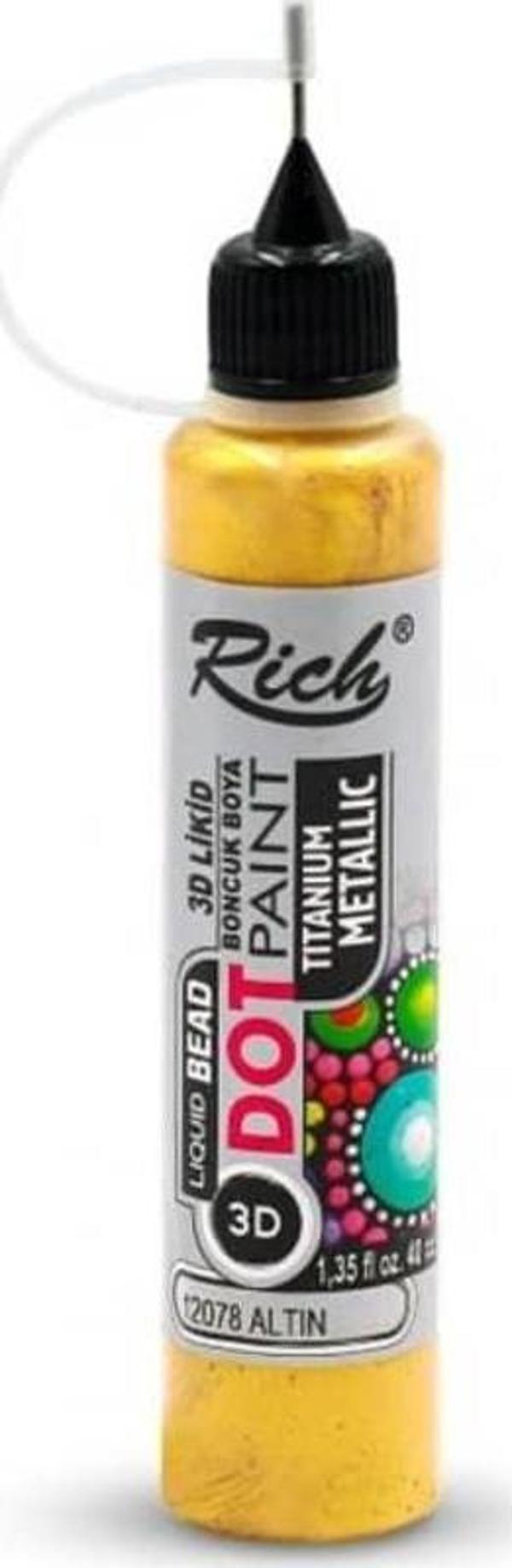 Rich Dot Paint Mandala Boyutlu Boya 40 cc METALİK ALTIN  - Image 1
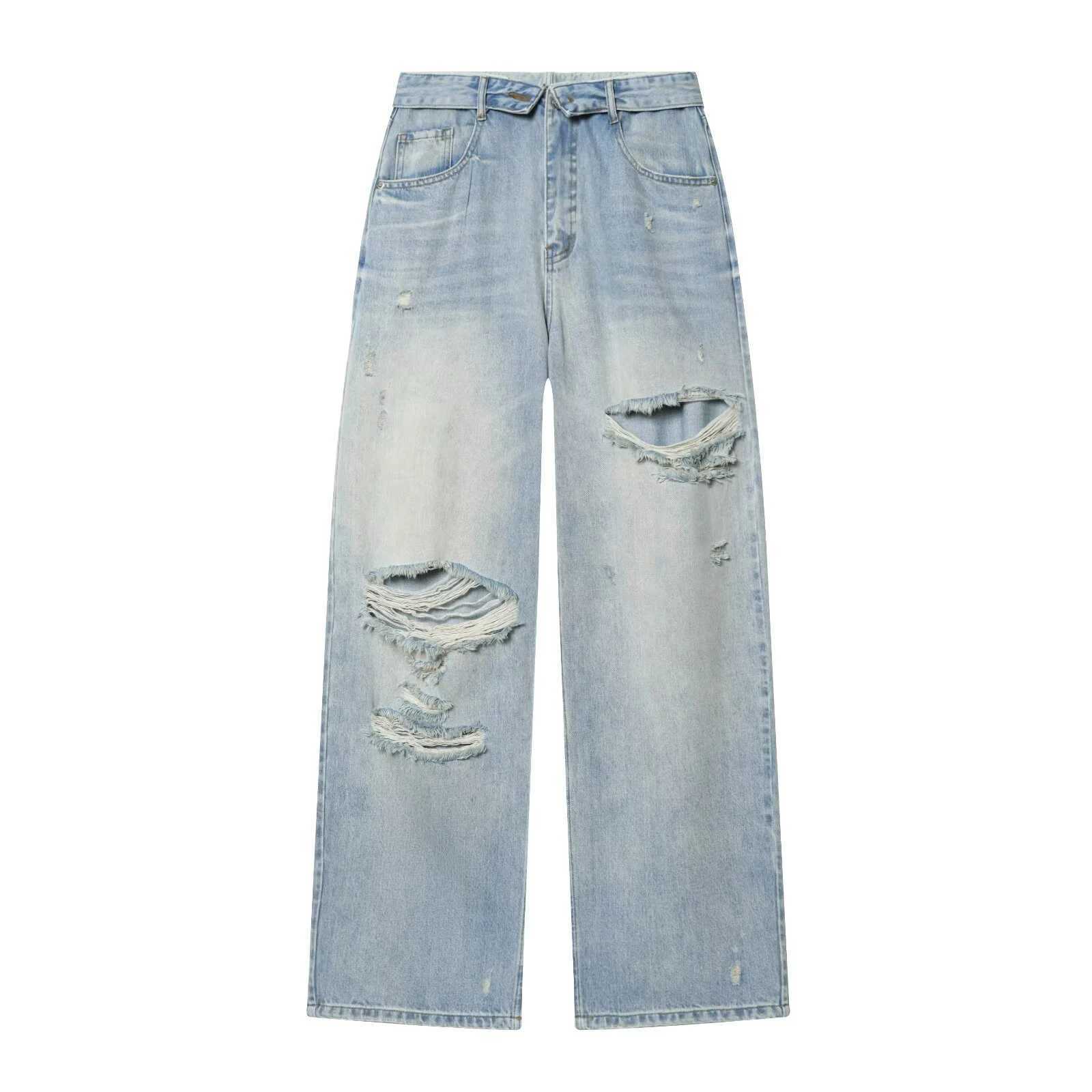 European and American style 2026 spring/summer new women's clothing mid waist casual ripped and flanged denim pants S260921DR1B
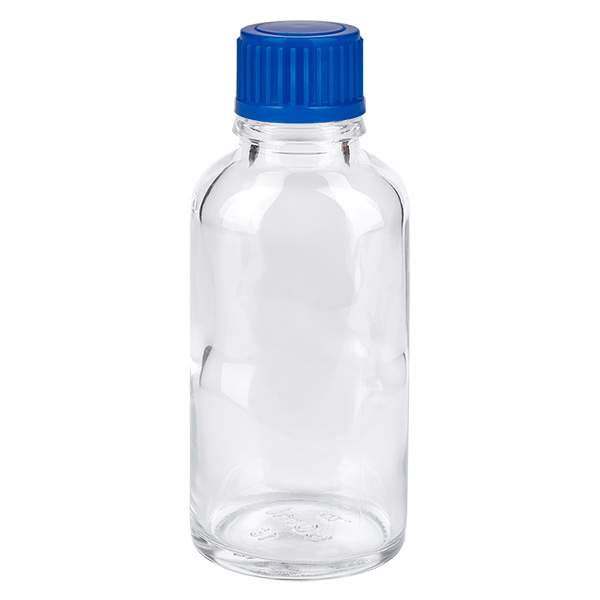 Frasco de 30 ml con tapón de rosca de 11 mm azul estándar ClearLine UT18/30 Frasco de 30 ml con tapón de rosca de 11 mm azul estándar ClearLine UT18/30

**Requirement:** Print every line above once more, exactly. Omit the pictures.

**Exercise answer:**
 Rich Dot Paint Mandala Boyutlu Boya 40 cc METALİK ALTIN  - Image 1
 European and American style 2026 spring/summer new women's clothing mid waist casual ripped and flanged denim pants S260921DR1B
 Frasco de 30 ml con tapón de rosca de 11 mm azul estándar ClearLine UT18/30 Frasco de 30 ml con tapón de rosca de 11 mm azul estándar ClearLine UT18/30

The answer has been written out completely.